Exactly the lines below starting at the line with "MLS Image for" and ending at the line with "Amaze EDP 100ml" are wanted, with both ends included. Leave out the pictures and add no other lines.

## [Record excerpts]
——————————
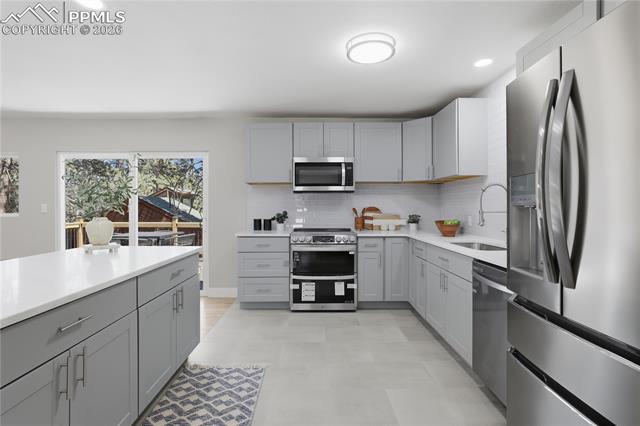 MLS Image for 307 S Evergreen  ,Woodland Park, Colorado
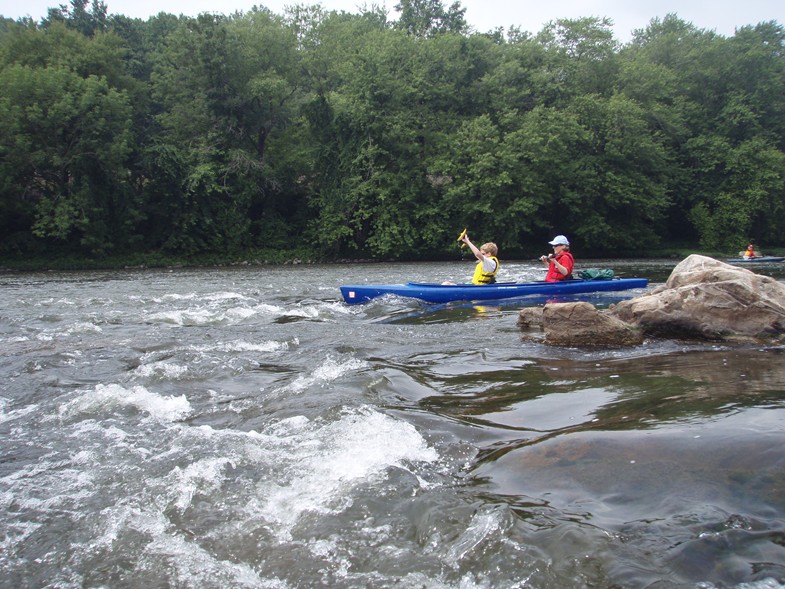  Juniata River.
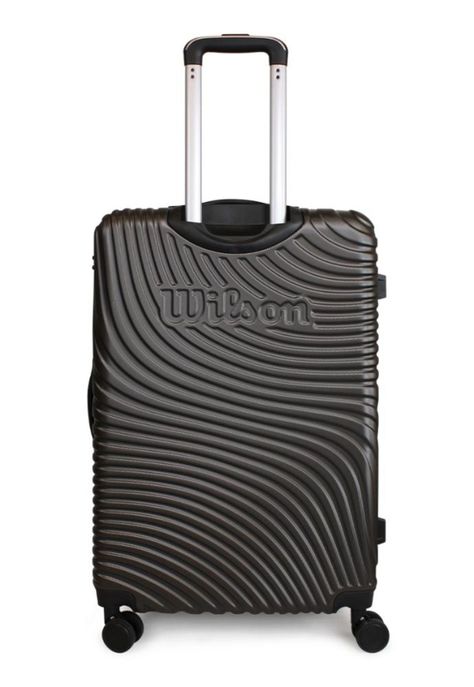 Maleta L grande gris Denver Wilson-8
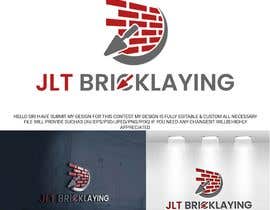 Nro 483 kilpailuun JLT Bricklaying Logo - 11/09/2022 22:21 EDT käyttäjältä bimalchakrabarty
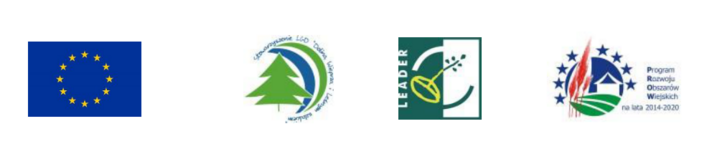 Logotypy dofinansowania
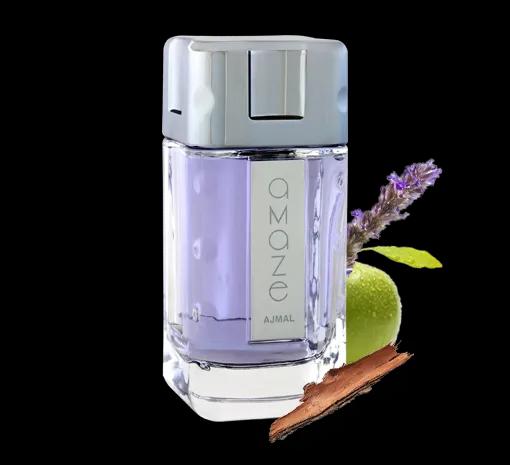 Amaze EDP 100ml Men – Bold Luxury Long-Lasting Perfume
——————————
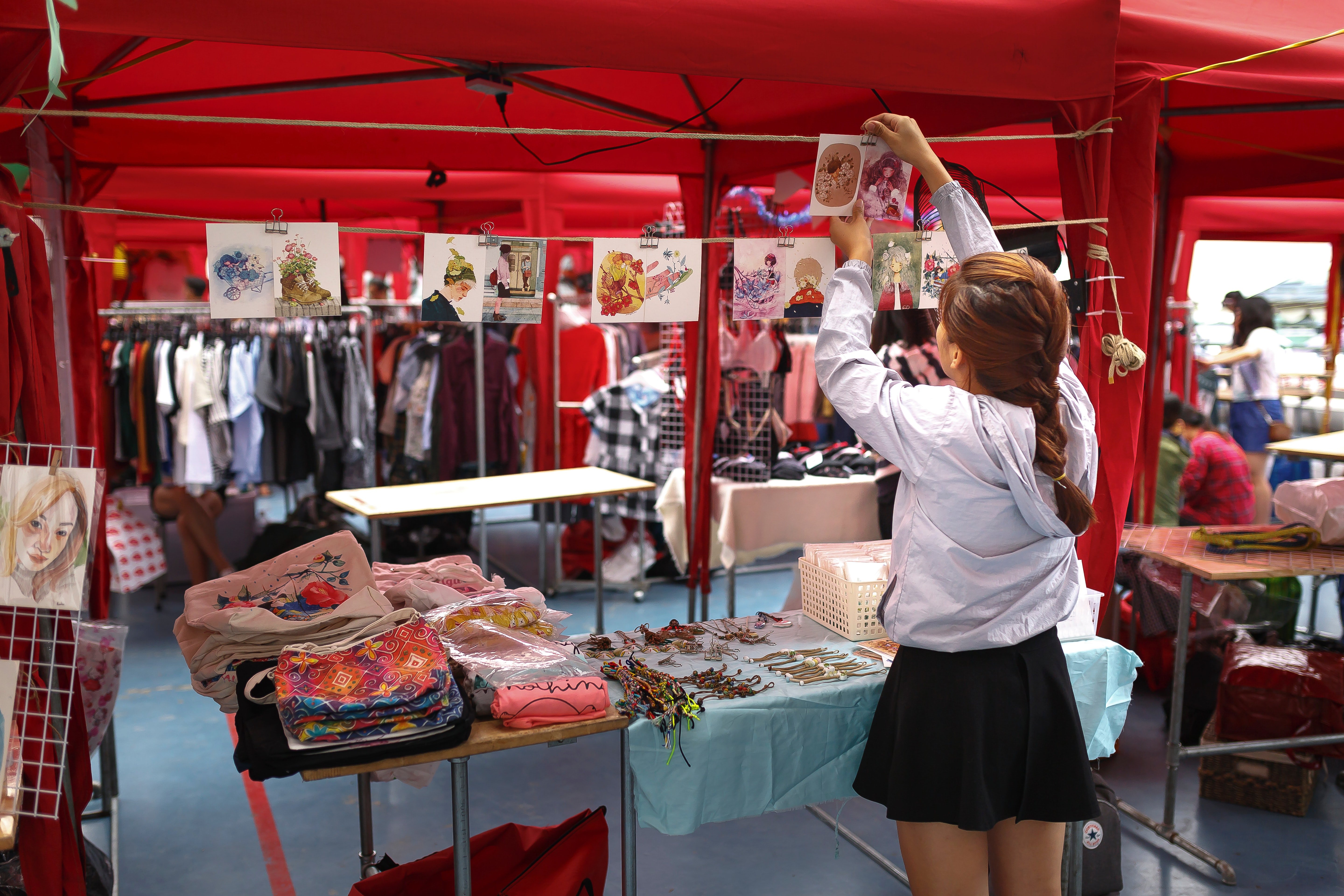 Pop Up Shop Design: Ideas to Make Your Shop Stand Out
——————————
## [Output of the exercise]
 MLS Image for 307 S Evergreen  ,Woodland Park, Colorado
  Juniata River.
 Maleta L grande gris Denver Wilson-8
 Nro 483 kilpailuun JLT Bricklaying Logo - 11/09/2022 22:21 EDT käyttäjältä bimalchakrabarty
 Logotypy dofinansowania
 Amaze EDP 100ml Men – Bold Luxury Long-Lasting Perfume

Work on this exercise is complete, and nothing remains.